Portfolio Highlights
We believe an absolute return, inflation-linked benchmark is the most appropriate primary measure against which to evaluate the long-term performance of our infrastructure strategies. The approach ensures the focus of portfolio construction remains on delivering consistent absolute real returns over the long term.
On an absolute basis, the Strategy delivered positive contributions from eight of the 10 sectors in which it was invested (out of 11 total) in the first quarter, with the electric, energy infrastructure and gas sectors the leading contributors and the communications sector the main detractor.

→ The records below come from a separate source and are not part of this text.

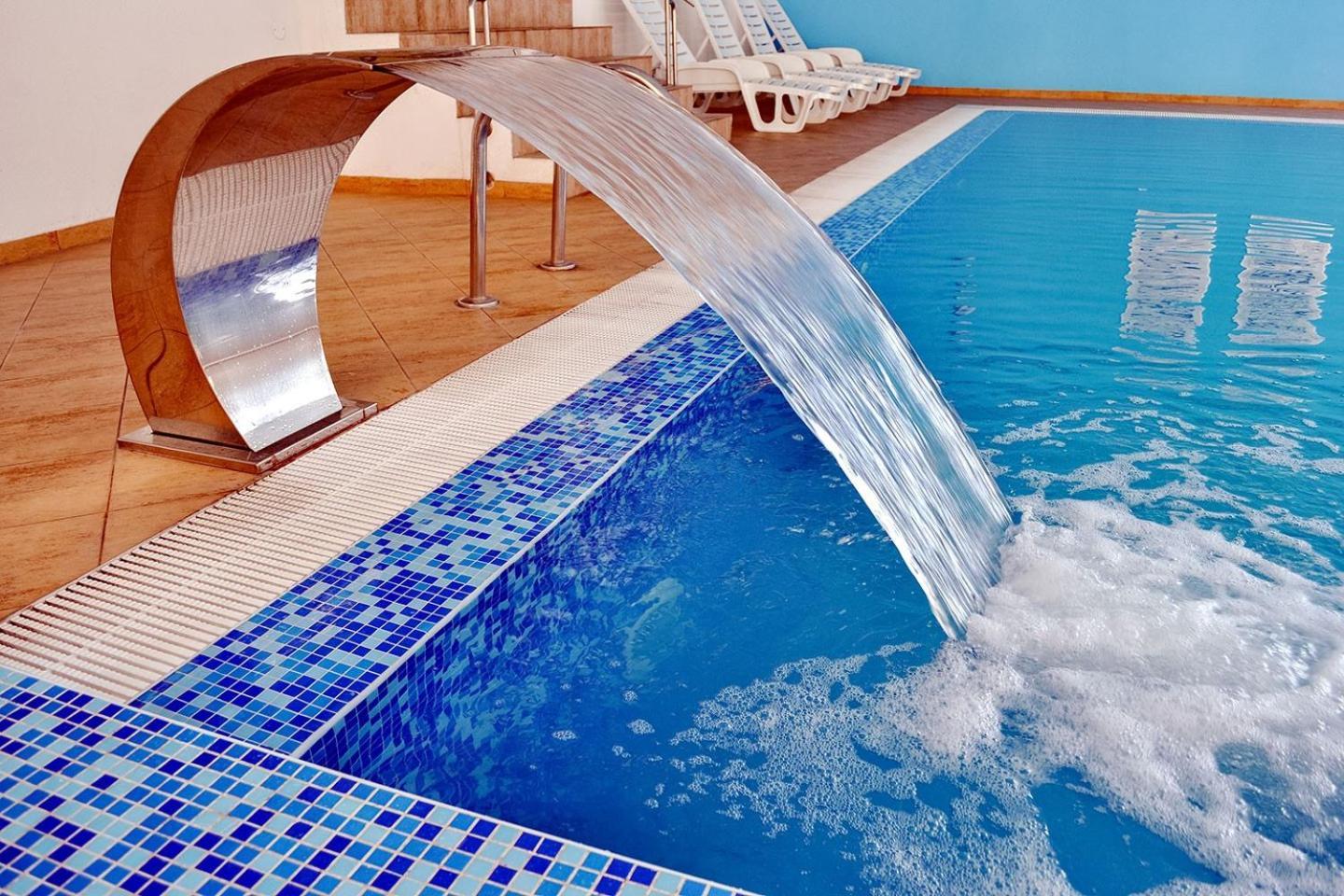 Grand Studio 501 Free Pool & Spa Pamporovo Exterior photo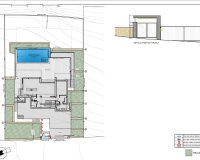 New Build - Villa / House - Benitachell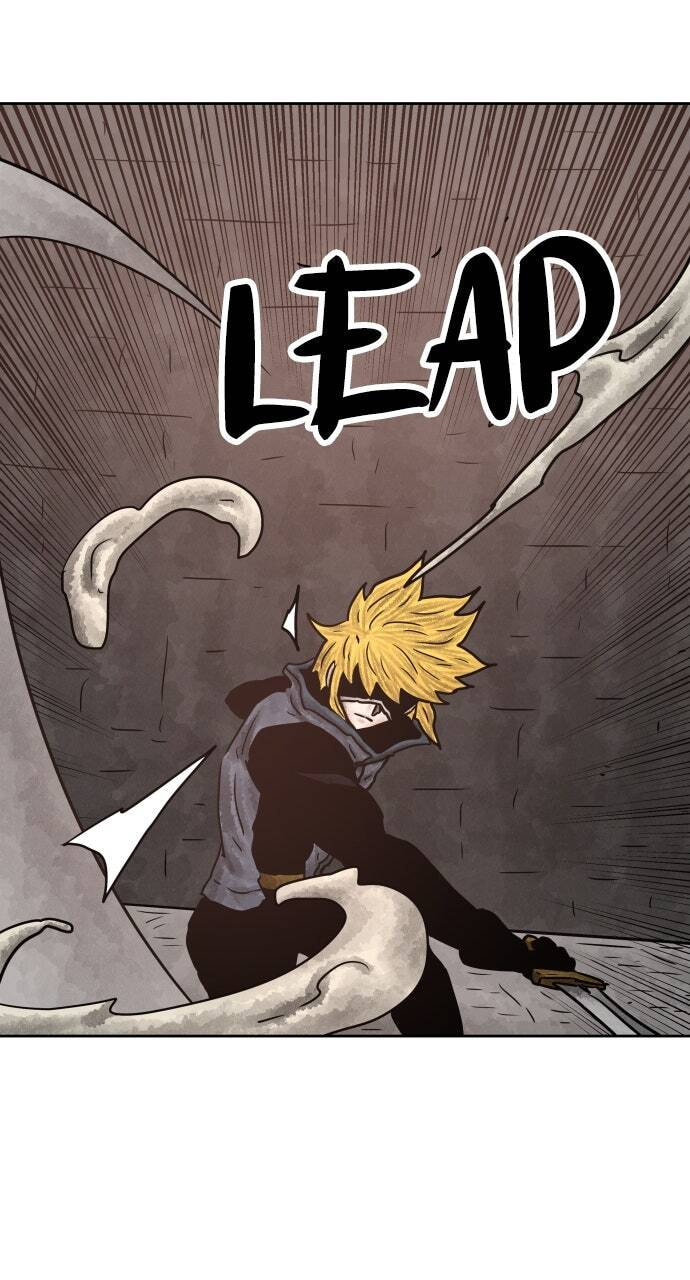Read Warrior Executioner chapter 127 image 21 on Lezhin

On a relative basis, measured against the S&P Global Infrastructure Index, the ClearBridge Global Infrastructure Income Strategy underperformed during the first quarter. Overall stock selection contributed positively to relative results, while sector allocation detracted. Stock selection in the electric and airports sectors and an overweight to the gas sector aided relative performance, while stock selection in the gas and toll roads sectors, an overweight to the communications sector and an underweight to the energy infrastructure sector detracted.
On an individual stock basis, the largest contributors to absolute returns in the quarter were Pembina Pipeline, CPFL Energia, Williams Companies, Enbridge and Brookfield Renewable. The largest detractors were Crown Castle, Ferrovial, EDP-Energias de Portugal, Iberdrola and Enagas.
During the quarter we initiated a position in Canadian electric utility Emera and received shares of U.S. electric utility Constellation Energy following its spin-off from holding U.S. electric utility Exelon, which we exited. We also exited Canadian infrastructure company Brookfield Infrastructure.